Shima
1834-6057
The Beluga Triangle: Pour la suite du monde (1962), New Quebec Cinema, and the urban/rural dialectic
Anthony Kinik
One of the most celebrated documentaries to emerge from Quebec during the 1960s was Pierre Perrault and Michel Brault’s cinéma vécu classic Pour la suite du monde (1962). This intimate portrait of life on Île-aux-Coudres, an island in Eastern Quebec that sits in the Saint Lawrence River, is generally understood as a work of salvage ethnography. The filmmakers encouraged the island’s inhabitants to take up traditional practices that had long fallen by the wayside and had to be learned from the community’s elders: the hunt of the beluga whale. I’d like to reconsider this film as a work that is not only based on a dialectical tension between the city and the country, but also on tensions between three island formations: Île aux Coudres, Montreal, and New York City.
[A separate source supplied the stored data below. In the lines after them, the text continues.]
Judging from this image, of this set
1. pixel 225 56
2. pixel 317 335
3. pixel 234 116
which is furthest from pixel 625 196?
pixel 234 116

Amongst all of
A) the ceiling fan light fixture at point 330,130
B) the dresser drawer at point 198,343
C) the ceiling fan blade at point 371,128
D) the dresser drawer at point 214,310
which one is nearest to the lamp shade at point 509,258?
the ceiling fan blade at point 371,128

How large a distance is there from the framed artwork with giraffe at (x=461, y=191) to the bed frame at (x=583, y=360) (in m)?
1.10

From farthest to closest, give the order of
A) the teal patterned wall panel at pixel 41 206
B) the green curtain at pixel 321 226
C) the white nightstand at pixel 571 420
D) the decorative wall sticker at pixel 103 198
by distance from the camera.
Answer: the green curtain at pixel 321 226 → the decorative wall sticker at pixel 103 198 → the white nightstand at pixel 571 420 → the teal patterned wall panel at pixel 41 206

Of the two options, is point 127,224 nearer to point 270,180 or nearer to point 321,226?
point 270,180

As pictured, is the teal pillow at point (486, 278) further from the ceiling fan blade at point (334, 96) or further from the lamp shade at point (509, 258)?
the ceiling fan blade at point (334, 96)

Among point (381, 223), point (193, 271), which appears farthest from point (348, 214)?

The Montreal connection had to do with the project’s filmmakers and the studio that produced it, while New York came into play late in the film when a beluga whale was transferred to the New York Aquarium. Among other concerns, the foundational myths of all three islands are based on stories of First Contact between European settlers and Indigenous peoples, and, thus, this aspect of Perrault’s film is intensified if we take this approach.